IIITH Researchers Use Math To Explain Hidden Patterns In Living Systems
Researchers are using reaction networks and dynamical systems to study these hidden patterns in living systems: Reports

HYDERABAD: Scientists use mathematical models to explain why mosquito populations surge after rain, how species disappear without warning or why ecosystems recover when a missing element is restored. At IIITH, researchers are using reaction networks and dynamical systems to study these hidden patterns in living systems.
Prof. Abhishek Deshpande from the Center for Computational Natural Sciences and Bioinformatics said the reaction networks helped scientists understand chains of cause and effect. He pointed to the Yellowstone example in the United States, where wolves were reintroduced about 30 years ago after their numbers had collapsed. Elk populations had risen sharply in their absence, damaging young trees and riverbanks.
Prof. Deshpande explained, “When wolves returned, the balance shifted again. It showed how one species can influence everything around it. Reaction networks help us explain why such changes unfold the way they do.”
One stream of his recent work focuses on dynamical systems.
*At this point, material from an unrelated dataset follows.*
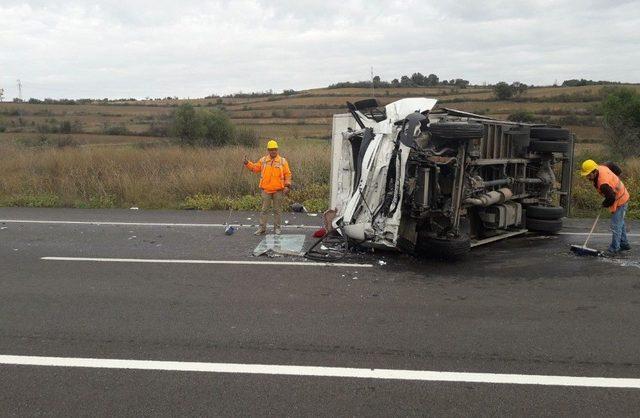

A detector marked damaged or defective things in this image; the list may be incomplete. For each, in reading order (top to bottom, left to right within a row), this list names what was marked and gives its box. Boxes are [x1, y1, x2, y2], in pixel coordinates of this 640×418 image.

damaged vehicle cab [330, 98, 576, 258]
exposed truck undercarriage [330, 98, 576, 258]
overturned white truck [330, 99, 576, 258]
A study coauthored with researchers Samay Kothari and Jiaxin Jin and published in the ‘SIAM Journal on Applied Dynamical Systems’ demonstrated how the behaviour of one family of reaction networks can be embedded within another.
The work drew from biochemical interactions such as the oxidation of uric acid in the presence of uricase. Another study with Kothari, published in the ‘Journal of Mathematical Chemistry’, examined endotactic networks and their ability to hold infinitely many steady states.
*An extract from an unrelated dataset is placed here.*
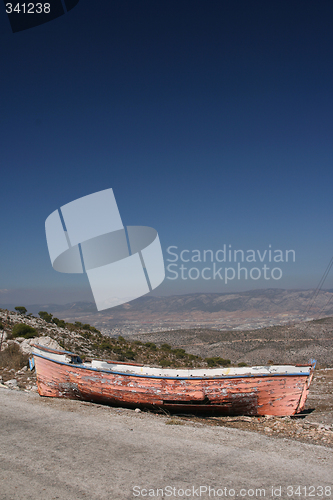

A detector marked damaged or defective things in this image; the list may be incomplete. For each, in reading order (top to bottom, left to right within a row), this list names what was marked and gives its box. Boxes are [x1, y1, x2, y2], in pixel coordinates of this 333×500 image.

IIITH researchers are also exploring how chemical interactions can behave like computing systems. Prof. Deshpande said this approach allows scientists to test new ways of implementing algorithms.
He said, “Using chemistry to perform computation is an active direction. Reaction networks can reproduce the behaviour of Support Vector Machines and encourage us to rethink how computation itself can be represented.” This work was coauthored with MS by Research student Amey Choudhary and Jiaxin Jin. Choudhary’s extended study of the idea earned him the IndiaAI fellowship, which supports students working on projects with both theoretical and practical relevance.
Another research thread looks at origin of life models through autocatalytic interactions. Findings published in ‘Mathematical Biosciences’ analysed how self-reinforcing molecular networks might persist over time. The group has also examined homeostasis, the ability of organisms to maintain stable internal conditions. Their work in the ‘Journal of Mathematical Biology’ explains how the structure of a network can determine whether homeostasis is possible.
Prof. Deshpande said mathematical biology helps scientists uncover the rules that guide living systems. He said, “These tools let us ask why life behaves the way it does and how we can apply that understanding to medicine, conservation and technology.”